Nisha Mallya
Aims: To compare outcomes of total mesorectal excision (TME) with or without lateral pelvic lymph node dissection (LPLD) for
treatment of rectal cancer.
Methods: The electronic data sources were explored to capture all studies comparing TME with and without LPLD in patients
undergoing operation for rectal cancer. Random effects modelling was utilised for the analyses. The uncertainties associated with
varying follow-up periods among the included studies were resolved by analysis of time-to-event outcomes.
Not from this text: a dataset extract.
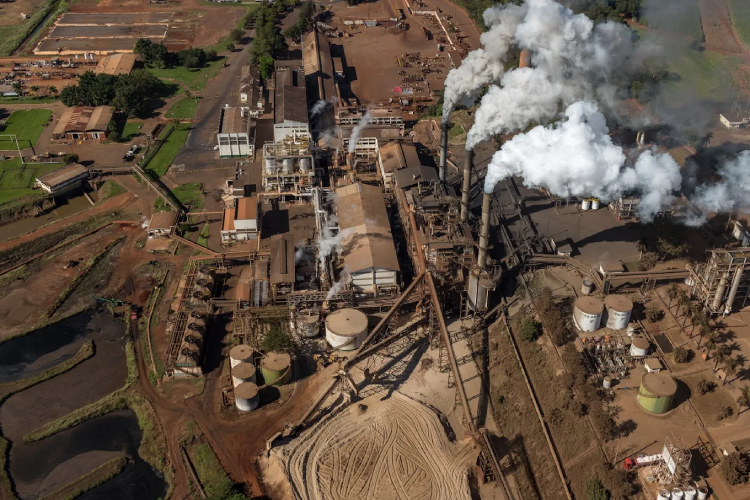 TIM e Grupo Pedra levam 4G a 1 milhão de hectares com nova parceria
Results: Eighteen comparative studies enrolling 6133 patients were eligible. No difference was found between the two groups in
terms of overall survival (OS) at maximum follow up (OR:1.02, P=0.86), 5-year overall survival (OR:1.01, P=0.94;HR: 0.92,P=0.36),
disease-free survival (DFS) at maximum follow up (OR:1.07,P=0.50), 5-year DFS (OR:1.07,P=0.54; HR:1.25, P=0.23), local recurrence
(OR: 1.01, P=0.97), distant recurrence (OR:0.96, P=0.84), and total recurrence (OR:0.97,P=0.82). TME with LPLD resulted in longer
operative time (MD: 116.02,P<0.00001) and higher risks of postoperative complications (OR:1.59, P=0.007), urinary dysfunction
(OR:6.66, P<0.00001), and sexual dysfunction (OR:9.67, P=0.002). The results remained consistent through separate analyses for
randomised trials, observational studies and patients with or without neoadjuvant chemoradiotherapy.
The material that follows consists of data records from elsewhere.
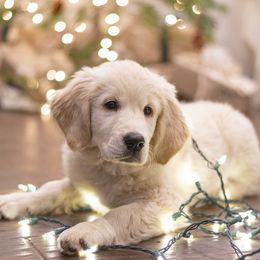 Amber - Golden Retriever puppy from Kenwood Retrievers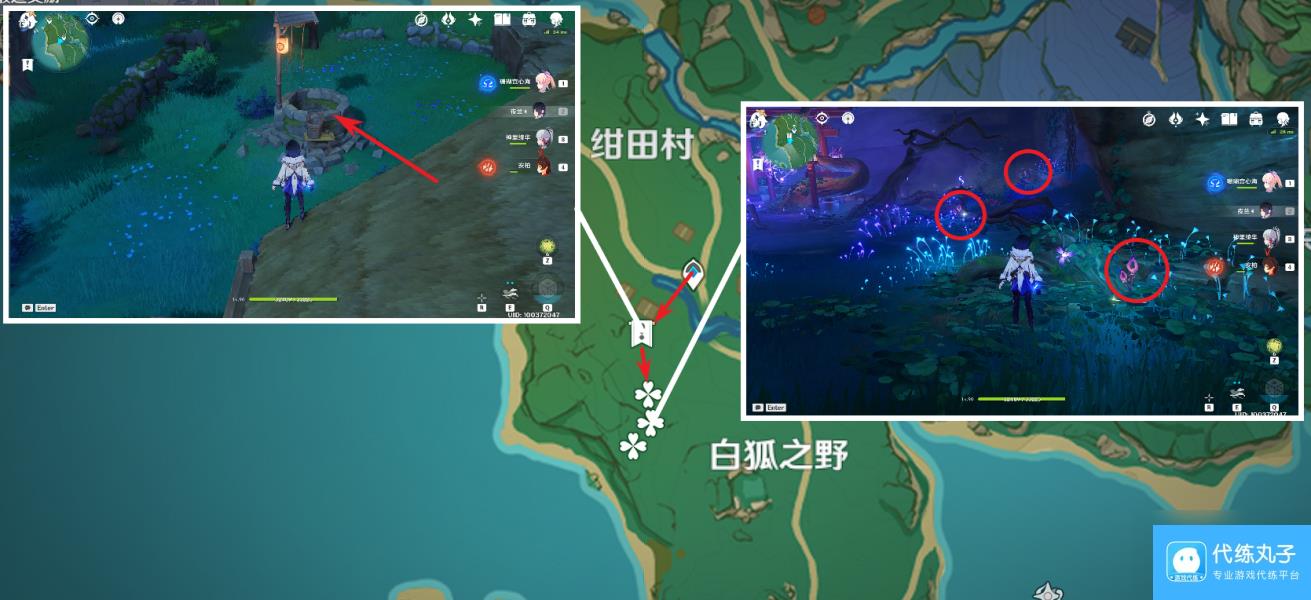 《原神》鸣草收集方法详细介绍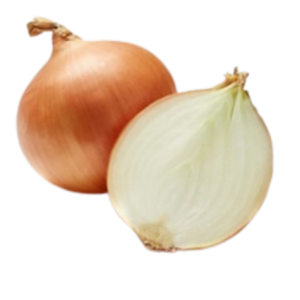 หอมใหญ่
Conclusions: LPLD results in higher risks of postoperative morbidity, urinary dysfunction and sexual dysfunction without improving
the recurrence and survival outcomes in patients undergoing TME for rectal cancer. An expert consensus statement derived from
combination of the nerve-sparing surgical experience from the East and neoadjuvant therapy experience from the West is strongly
recommended to advice the best treatment strategy for management of rectal cancer.